No real surprise there. Brand display and generic paid and natural search do tend to feature higher up the chain.


Deduplication ensures that it is applied accurately and you’re not paying twice on commissions. It means that only the channel that really delivered the last click gets the credit and, therefore, the financial reward.


Already, you can save up to 25% on commission fees.


Attribution enables you to gauge the success of a channel. Not just as a deliverer of last clicks, but also as a contributor to the entire customer journey.


Think of it this way: imagine a simple online purchase from Boden. A reader on the Daily Mail website sees a display banner for Boden and she thinks about summer wear.


She visits Boden and other sites and deciding to order some new summer shirts types Boden into Google, and makes a purchase.


The paid brand search ad will get all the commission. This clearly gives misleading data on which advertising expenditure truly drove revenue.

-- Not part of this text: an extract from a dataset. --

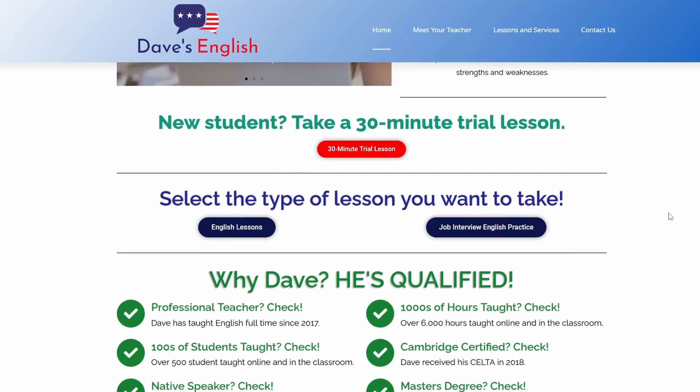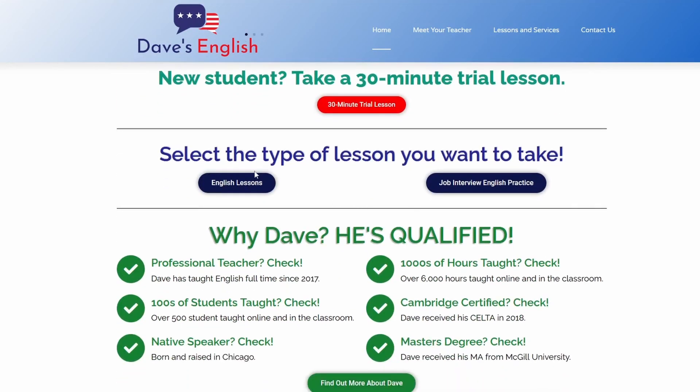Go ahead and pause the video, think about it a little bit, and I'll give you the answer after this. My name is Dave. I am a CELTA certified English teacher, and I am here to help you learn English. If you ever want to take lessons with me, just go to my website, davesenglish.com.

So, campaigns that rarely deliver last clicks but feature heavily in many customers’ journeys on their way to buying start to be seen in a different light.

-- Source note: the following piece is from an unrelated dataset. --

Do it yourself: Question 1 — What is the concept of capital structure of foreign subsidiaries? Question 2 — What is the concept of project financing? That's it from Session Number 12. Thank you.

In fact, it might be that spending all that money on campaigns that feature even when hardly anything else does would deliver more.


Now you’re beginning to see figures to make a case for the true contribution of all the digital marketing activity you engage in.


This might enable you to shift spend to channels you see are delivering more, which is transformative in itself. Here’s a flavour of some real client stories showing how attribution has transformed their marketing strategy:



  • A client stopped sending direct mail to their core customer base. Why? Because they tracked unique urls from the catalogue and found they were wasting money. Their core customers already know to come to the website.
  • A client has dropped doing paid brand search. This has reduced spend with no effect on results.
  • A non-ecommerce client used tag management data to prove that online advertising influenced offline sales. This concrete evidence changed the way they approached marketing on a global basis.

So, attribution is real. Being proactive helps you learn very important lessons before you even have to think about radically changing your approach.


Above all, don’t be put off exploring what can be a very effective, let alone lucrative approach to marketing, just because you think you’re not ready or don’t have the resources to apply it.